Memory-aware Scheduling for Complex Wired Networks with Iterative Graph Optimization

TL;DR

This paper introduces an efficient memory-aware scheduling framework for complex neural network graphs, improving scalability and reducing peak memory footprint on resource-constrained devices.

Contribution

It presents an iterative graph fusion algorithm and an ILP-based scheduling method that outperforms prior algorithms in scalability and memory efficiency.

Findings

Reduces peak memory footprint by 13.4% on benchmarks.

Outperforms existing algorithms in scalability and efficiency.

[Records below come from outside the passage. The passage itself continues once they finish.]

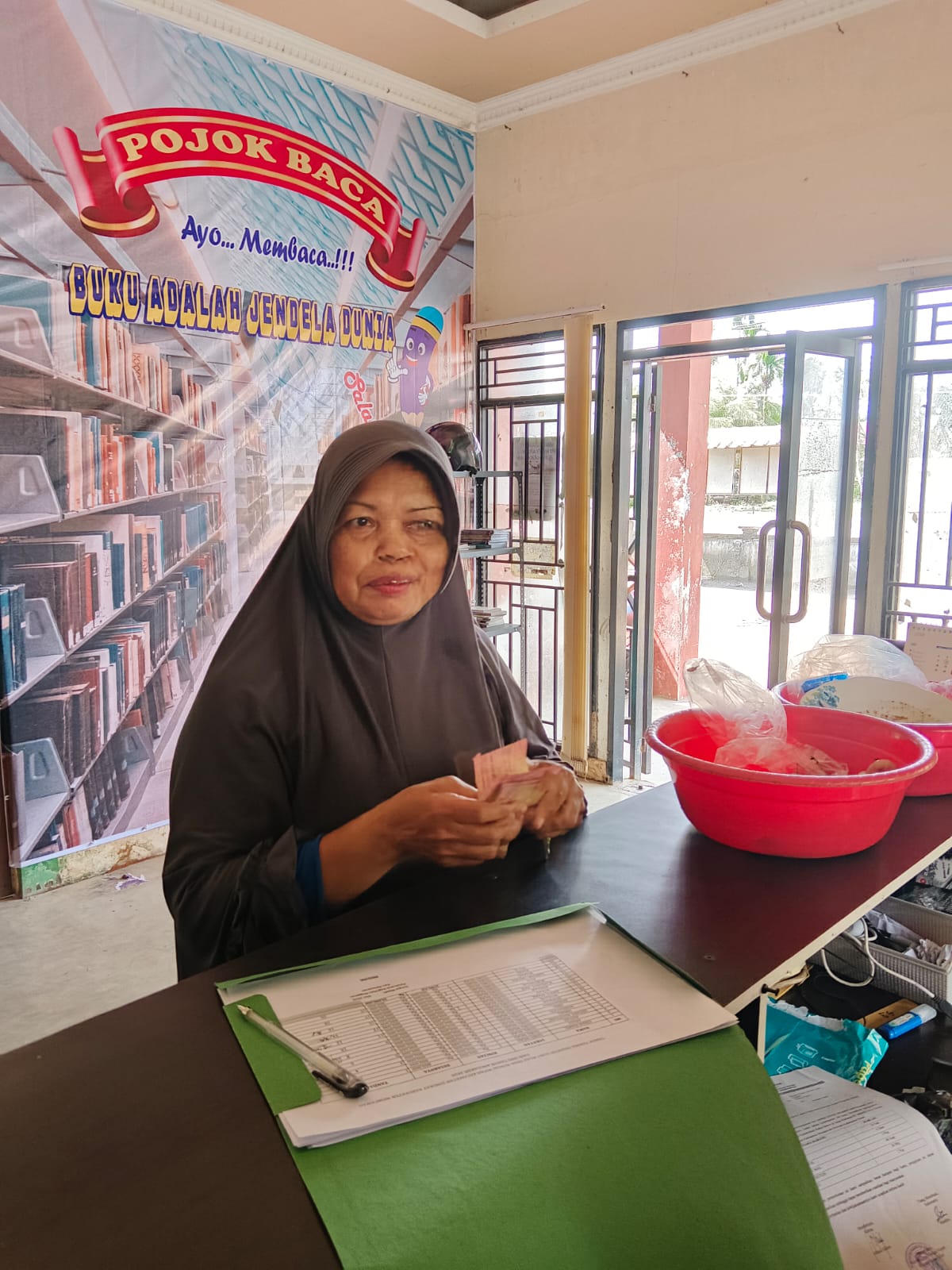 “Apresiasi Pengabdi Agama: Pemerintah Desa Sungai Nipah Salurkan Insentif Guru Ngaji dari Dana Desa Tahun Anggaran 2026.”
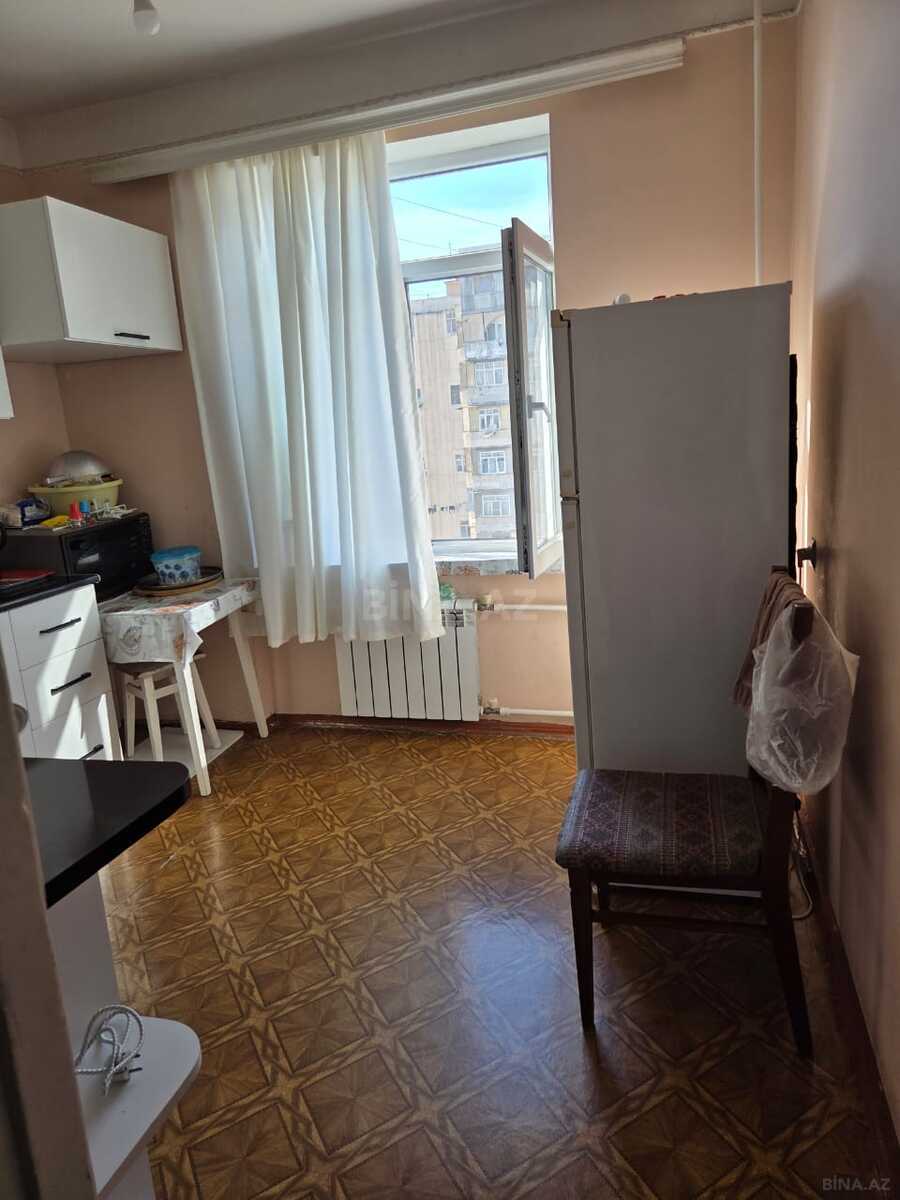 2 otaqlı Köhnə tikili, Neftçilər m., Bakı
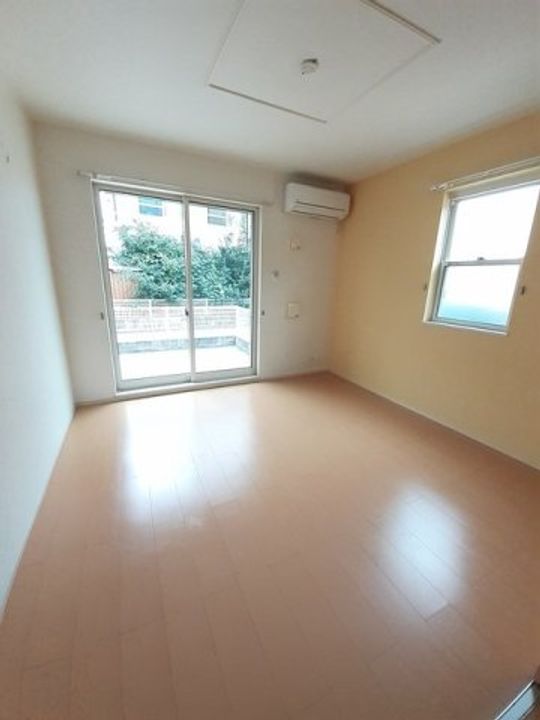 リバートップ エムティの居間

Effective for complex network topologies.

Abstract

Memory-aware network scheduling is becoming increasingly important for deep neural network (DNN) inference on resource-constrained devices. However, due to the complex cell-level and network-level topologies, memory-aware scheduling becomes very challenging. While previous algorithms all suffer from poor scalability, in this paper, we propose an efficient memory-aware scheduling framework based on iterative computation graph optimization. Our framework features an iterative graph fusion algorithm that simplifies the computation graph while preserving the scheduling optimality. We further propose an integer linear programming formulation together with topology-aware variable pruning to schedule the simplified graph efficiently. We evaluate our method against prior-art algorithms on different networks and demonstrate that our method outperforms existing techniques in all the benchmarks, reducing the peak memory footprint by 13.4%, and achieving better scalability for networks with complex network-level topologies.